Personal injury is a broad term for any claim or lawsuit based on injuries caused by another person. It typically involves negligence and includes physical, emotional, and noneconomic damages such as pain and suffering.
The most common types of claims include motor vehicle accidents, medical malpractice, slip-and-falls, and various other injuries and accidents. In addition, different types of tort claims involve intentional acts, such as civil assaults, batteries, and libel.
Negligence is failing to behave with the care a reasonable person would have taken in identical circumstances. It is a cornerstone of tort law, a legal system that holds individuals liable for their actions.
When a person or company fails to use the required standard of care, they can be liable for causing injury.
To prove negligence, an attorney must establish four elements: duty, breach, causation, and damages. To assess each of these, a jury must analyze the defendant’s actions and compare them to what a prudent person would have done in a similar scenario. Check wilklawfirm.com to learn more about personal injury remedies.
In the legal world, the term “damages” refers to monetary awards plaintiffs receive as compensation for harm inflicted by another party. These damages can range from economic losses to noneconomic or hedonic losses.
Personal injury lawsuits can award compensatory damages designed to restore injured people to the state they would have been in if they had not suffered an accident or injury. These damages may be divided into general and special damages.

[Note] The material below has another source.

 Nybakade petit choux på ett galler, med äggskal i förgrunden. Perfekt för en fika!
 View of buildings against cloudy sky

The amount of recoverable damages depends on the injuries’ severity, how long a person cannot work, and what other expenses they incur. It also depends on whether the case settles outside court or is litigated in a lawsuit.
Economic damages include losses a plaintiff incurs due to an accident, including lost wages. They should be tied to actual estimations of how much a victim’s earnings would have been had they not sustained their injury.
Statute of Limitations
A statute of limitations is legislation that specifies how long you have after specific occurrences to file a lawsuit. These laws prevent civil causes of action from “lingering” and preventing you from moving on with your life after an accident or injury, and help protect you against false or abusive claims made after too much time passes or the statute of limitations. However, this date can be extended under several exceptions, so it’s essential to seek advice from an experienced attorney about the specific deadline for your case.
Another common exception to the three-year rule is if you have yet to learn that you were injured and the cause of your injuries within that period. This exception is referred to as the discovery rule.
Consultation is an integral part of any personal injury case. It is because it allows your attorney to understand better the incident that caused your injuries, the type and severity of your injuries, the medical treatment you have received, and the prognosis you may have for recovery moving forward.
Your consultation will also allow your lawyer to discuss your situation’s relevant laws and see if you have a viable claim. It can help you decide if hiring an attorney is your best option.